I boil the kettle again. Because I’m not taking chances – the water might have cooled down. I want this tea to be properly, perfectly hot. I take out a cup this time, bringing things to the next step. I reach for the tea-bags, but my nine-year-old falls off her chair at the same time and needs a hug. Then the small boy needs a hug because he’s feeling left out. The seven-year-old asks if she should start over on her reading because I wasn’t listening. I sit down to pay attention, postponing my tea for another few minutes.
Once she’s done, I hoosh them all into the sitting room for TV time, and let out a deep breath as I boil the kettle a third time. I finally put a teabag in the cup. I even get the hot water in, and then leave it for a few seconds to brew, while I carry some laundry upstairs.
I look into the girls’ room – there are seventeen socks on the floor. How can two kids possibly wear that many socks in one day? I pick them up, along with loom bands and hair clips and random bits of paper, then go back down to finally have my tea.
But it’s gone too far – it’s tea-stew, black as tar. No good – down the sink. Start over. This time I stand by the work-top until the teabag has been in for just the right amount of time – I’m taking no risks. Finally, the perfect cup of tea is ready. It’s too hot to drink, so I run back upstairs to organise uniforms for tomorrow. The small boy follows me up. He’s helped himself to yogurt and it’s all over his hair. Sigh. I run the bath. He’s delighted. Me, not so much. Tea? Cold.
It’s an everyday occurrence – today there’s yogurt and bath and laundry; tomorrow will be homework and fights and emails that can’t be ignored. There’s never enough time for anything anymore, so multi-tasking is the only option. Never leaving a room without something in hand to bring to its rightful place. Making school lunches while washing dishes and answering messages. Hanging up uniforms, searching for shoes, kissing sore knees.

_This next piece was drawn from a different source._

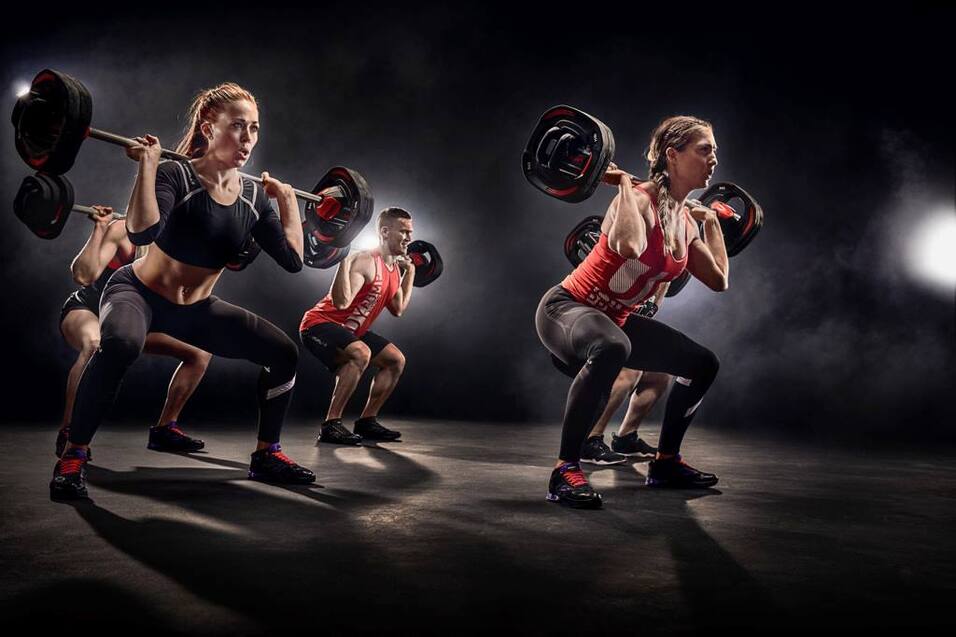Gruppentraining mit mehreren Personen, die Gewichtheben und Kniebeugen mit Langhanteln in einem beleuchteten Studio ausführen.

Tidying, clearing, folding, wiping, straightening, minding. Minding the kids – above all else – being there when there’s a sore finger, a sad story or a spilt drink. Helping with homework, helping with shoes. Brushing hair and touching cheeks. Wiping noses, wiping tears, returning smiles to small faces.
When they no longer need me for more than a lift to a disco or help with a loan, I’ll enjoy the down-time and the me-time and all the hot drinks I want. But for now, I’m OK with pouring yet another cup down the sink. The cold tea years are tough, and they sometimes seem impossible, but they are also short, and each time I look back – often only when I look back – they are wonderful.